Thing is, we don't change our minds very often about big important matters of ideology, about the faith that's core to the way we see the world. And, when we do change - stop being a socialists, reject belief in God - it's the conclusion of a process not a Damascene conversion brought on by reading an individual article or hearing a solitary lecture. For sure, we do change our minds about mundane stuff - whether we prefer rice or naan with a curry, our favourite singer or how we'd like our hair cut. But on other stuff this doesn't happen often, if at all.

I remember a friend who was a Bradford City season ticket holder, a real enthusiast. In one, possibly drink-fuelled moment, he whispered that the result he looks for first isn't City but Arsenal, the team of his childhood. If it's that damned hard to switch allegiance from a team 200 miles away to the team where you live, what chance is there of Graeme or I writing an article and having you change your view about politics, society or the economy? And, just so y'all don't think it's because Graeme and I can't muster an argument, the same goes for even the wisest, wittiest and best-informed. I'm sure there were ancient Greeks meandering back from the agora after another afternoon of Socrates asking difficult questions, who would say 'dunno what he's on about, it's rubbish and I'm sticking with The Gods, you know where you are with The Gods.'

But we know that people do change their ideological minds - non-believers become believers, redemption and true-seeing are real, they're just not pinged by just one article. This realisation might, as Graeme remarked, suggest that writing opinion and ideas is fruitless, purposeless. But perhaps it's not, perhaps the little seeds we plant in the minds of others allow them to think more broadly about their faith, their ideology. As a conservative, doubt is central to my philosophy - everything is to be challenged, questioned and change only follows this process - and for doubt to work as analysis it has to be informed, it needs fuel. And that fuel is the words of people like Graeme Archer and a thousand others, the lumps of coal that come from writers, poets, singers, those speaking in the public square.

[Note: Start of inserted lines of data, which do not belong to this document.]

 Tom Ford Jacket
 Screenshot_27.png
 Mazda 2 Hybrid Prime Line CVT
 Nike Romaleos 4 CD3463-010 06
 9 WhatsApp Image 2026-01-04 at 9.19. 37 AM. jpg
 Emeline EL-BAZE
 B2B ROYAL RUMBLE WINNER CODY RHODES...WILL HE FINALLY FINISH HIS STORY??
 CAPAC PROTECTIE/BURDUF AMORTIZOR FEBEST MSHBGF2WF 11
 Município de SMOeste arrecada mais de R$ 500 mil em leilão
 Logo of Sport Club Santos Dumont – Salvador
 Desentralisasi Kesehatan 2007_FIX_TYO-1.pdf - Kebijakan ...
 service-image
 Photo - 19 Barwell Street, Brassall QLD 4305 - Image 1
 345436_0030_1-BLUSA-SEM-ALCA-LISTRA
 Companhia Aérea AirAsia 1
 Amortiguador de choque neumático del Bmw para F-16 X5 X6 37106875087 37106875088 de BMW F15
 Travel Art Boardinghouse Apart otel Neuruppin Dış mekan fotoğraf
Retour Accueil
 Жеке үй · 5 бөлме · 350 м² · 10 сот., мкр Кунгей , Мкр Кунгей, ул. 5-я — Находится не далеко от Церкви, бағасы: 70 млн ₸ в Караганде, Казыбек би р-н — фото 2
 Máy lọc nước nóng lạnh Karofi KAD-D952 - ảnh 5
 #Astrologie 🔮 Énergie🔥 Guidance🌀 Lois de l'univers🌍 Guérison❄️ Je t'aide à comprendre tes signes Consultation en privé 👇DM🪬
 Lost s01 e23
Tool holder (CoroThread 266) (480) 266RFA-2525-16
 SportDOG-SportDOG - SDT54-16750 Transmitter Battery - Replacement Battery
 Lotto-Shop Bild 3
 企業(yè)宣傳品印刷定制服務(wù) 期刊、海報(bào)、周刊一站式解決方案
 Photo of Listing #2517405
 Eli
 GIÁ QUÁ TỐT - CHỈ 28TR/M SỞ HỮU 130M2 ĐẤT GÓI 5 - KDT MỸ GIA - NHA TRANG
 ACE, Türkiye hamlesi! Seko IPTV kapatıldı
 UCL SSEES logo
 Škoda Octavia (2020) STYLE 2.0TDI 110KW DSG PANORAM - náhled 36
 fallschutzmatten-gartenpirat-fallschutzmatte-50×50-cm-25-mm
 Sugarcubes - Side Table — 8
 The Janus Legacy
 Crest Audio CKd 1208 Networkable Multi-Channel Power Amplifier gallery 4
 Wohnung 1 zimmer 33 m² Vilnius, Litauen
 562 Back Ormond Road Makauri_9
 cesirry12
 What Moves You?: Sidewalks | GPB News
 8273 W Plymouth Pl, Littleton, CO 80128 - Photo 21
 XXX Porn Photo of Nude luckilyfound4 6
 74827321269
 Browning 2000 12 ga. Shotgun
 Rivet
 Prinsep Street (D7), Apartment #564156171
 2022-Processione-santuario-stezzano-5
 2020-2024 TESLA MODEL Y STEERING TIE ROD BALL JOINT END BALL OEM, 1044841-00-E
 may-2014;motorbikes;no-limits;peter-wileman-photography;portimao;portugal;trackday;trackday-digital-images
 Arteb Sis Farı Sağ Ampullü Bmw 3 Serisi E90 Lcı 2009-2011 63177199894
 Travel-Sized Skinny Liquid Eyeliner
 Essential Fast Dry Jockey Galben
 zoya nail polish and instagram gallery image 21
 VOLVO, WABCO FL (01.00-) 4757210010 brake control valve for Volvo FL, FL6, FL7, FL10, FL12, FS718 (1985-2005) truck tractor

So our words, however small the splash they make in the ocean of ideas, matter and we should not be afraid to speak them. Nor should we fear the words of others, the questions and challenges that latter-day would-be Socrates ask in our 21st century town square. No, say those things, put them out into that world of ideas because who are we to know that, for some person out there, those words are an affirmation of belief, a final jigsaw piece in revelation's puzzle, the spark that lights a fire in that person's heart. We don't change our minds very often but, I'm absolutely sure that, were there fewer words from the likes of Graeme that process of change would be more sclerotic and the world would be poorer.